4) Now that you have a working phone, you can take your time and purchase your replacement BlackBerry where ever you please, at your leisure.

That is the most efficient, non-wasteful way to go about replacing your phone. Of course, this fellow does not agree that there is anything wrong with this decisions. In fact, he goes so far as to say that you cannot really judge a decision on right or wrong because it depends on opinions.

That to me reeks of liberal bullshit that’s been sitting in the sun for weeks. I could very well justify the bloody dismemberment of a newborn infant. I really can. You should see me try. It’s horrific, but hey, to me, in my mind, I was right for doing it. Any decision can be made to be “logical” in the sense that it is justified and “right” from a certain point of view.

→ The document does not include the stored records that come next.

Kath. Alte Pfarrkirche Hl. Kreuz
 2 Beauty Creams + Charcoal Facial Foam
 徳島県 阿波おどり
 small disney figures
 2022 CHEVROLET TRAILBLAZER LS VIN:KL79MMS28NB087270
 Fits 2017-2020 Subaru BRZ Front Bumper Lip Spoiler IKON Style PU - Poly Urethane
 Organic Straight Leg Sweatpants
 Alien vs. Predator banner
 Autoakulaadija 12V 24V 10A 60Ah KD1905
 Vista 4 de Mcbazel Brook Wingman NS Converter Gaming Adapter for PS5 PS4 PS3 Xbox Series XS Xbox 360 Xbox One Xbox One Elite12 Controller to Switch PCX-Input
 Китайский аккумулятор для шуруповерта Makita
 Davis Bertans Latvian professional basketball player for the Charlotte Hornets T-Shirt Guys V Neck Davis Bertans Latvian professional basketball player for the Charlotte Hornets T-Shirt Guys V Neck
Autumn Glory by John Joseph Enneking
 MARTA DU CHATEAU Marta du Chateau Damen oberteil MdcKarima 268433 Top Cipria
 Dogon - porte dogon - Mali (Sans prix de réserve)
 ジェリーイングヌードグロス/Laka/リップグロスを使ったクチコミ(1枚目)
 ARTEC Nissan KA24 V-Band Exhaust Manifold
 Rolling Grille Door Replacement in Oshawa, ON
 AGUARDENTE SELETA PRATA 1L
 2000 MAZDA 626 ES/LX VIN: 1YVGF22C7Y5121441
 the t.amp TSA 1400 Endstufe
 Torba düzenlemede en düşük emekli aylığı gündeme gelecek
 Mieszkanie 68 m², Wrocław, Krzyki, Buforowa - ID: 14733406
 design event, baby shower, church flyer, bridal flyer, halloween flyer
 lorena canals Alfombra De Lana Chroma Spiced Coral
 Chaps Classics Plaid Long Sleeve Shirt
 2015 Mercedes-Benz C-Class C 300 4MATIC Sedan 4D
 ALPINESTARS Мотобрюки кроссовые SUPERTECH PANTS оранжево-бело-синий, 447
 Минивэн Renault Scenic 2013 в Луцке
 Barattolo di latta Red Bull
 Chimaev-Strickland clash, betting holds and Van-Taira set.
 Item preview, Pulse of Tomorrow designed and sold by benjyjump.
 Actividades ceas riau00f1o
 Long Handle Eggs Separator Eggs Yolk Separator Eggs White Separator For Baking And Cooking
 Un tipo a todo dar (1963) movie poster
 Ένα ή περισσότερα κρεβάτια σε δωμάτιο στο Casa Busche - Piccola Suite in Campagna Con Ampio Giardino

So yes, you can justify his actions and explain away that he solved his problem efficiently using various opinions and systems of values. But in reality, it was a hasty decision made on a whim, with lots of points of failure and potential for waste. This isn’t some big life-changing decision that weighs heavily upon ones opinions and values: it’s just simple math involving the replacement of one’s cellphone.

It’s not like I haven’t wasted money or done things on a whim, but I certainly don’t go around deceiving myself that I’ve been justified in all my mistakes. I own up to my errors and accept the fact that I made bad decisions: that’s life, and I’ll just have to deal with it. But please, take out a white glove and fill it with bricks if you hear me start pulling out the values card: you have every right to slap me across the face and challenge me to a duel.